» Data shown:
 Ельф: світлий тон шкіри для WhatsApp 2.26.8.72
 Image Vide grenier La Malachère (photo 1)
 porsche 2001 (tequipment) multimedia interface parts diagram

...

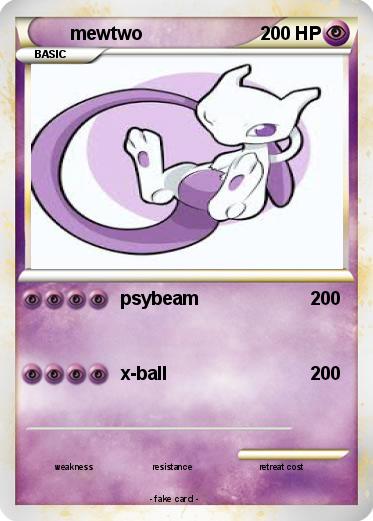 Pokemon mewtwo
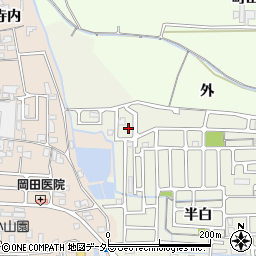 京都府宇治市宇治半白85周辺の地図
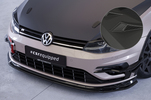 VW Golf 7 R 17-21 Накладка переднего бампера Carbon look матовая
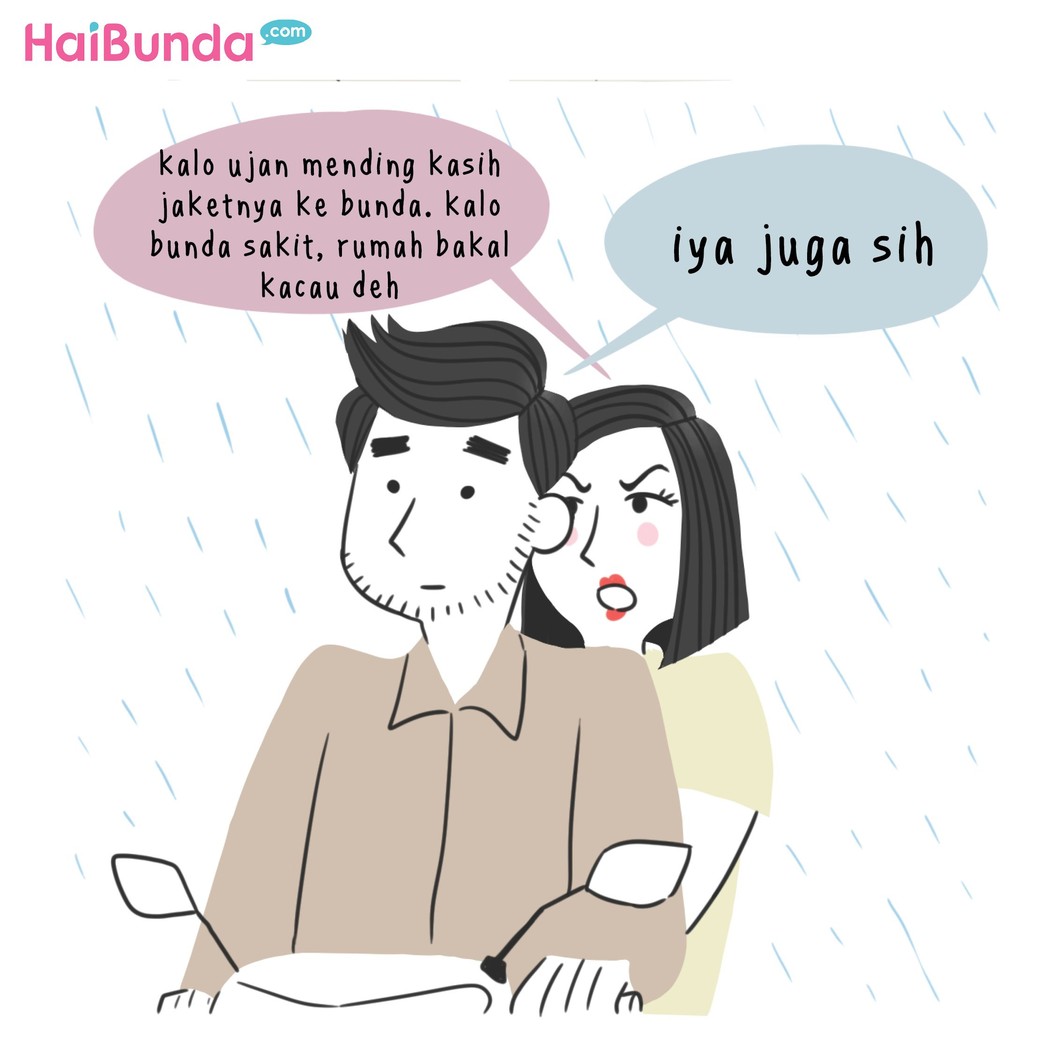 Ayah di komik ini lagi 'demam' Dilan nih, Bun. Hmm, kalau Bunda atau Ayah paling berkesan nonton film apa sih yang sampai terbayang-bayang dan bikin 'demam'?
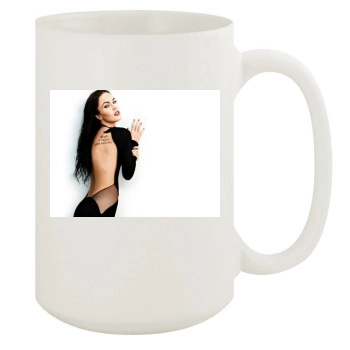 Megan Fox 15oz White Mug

» Your instructions:
Start at the line containing "Pokemon mewtwo" above and stop at the line containing "Megan Fox 15oz White Mug". Output those lines exactly, both included, but none of the pictures.

» Answer to the problem:
 Pokemon mewtwo
 京都府宇治市宇治半白85周辺の地図
 VW Golf 7 R 17-21 Накладка переднего бампера Carbon look матовая
 Ayah di komik ini lagi 'demam' Dilan nih, Bun. Hmm, kalau Bunda atau Ayah paling berkesan nonton film apa sih yang sampai terbayang-bayang dan bikin 'demam'?
 Megan Fox 15oz White Mug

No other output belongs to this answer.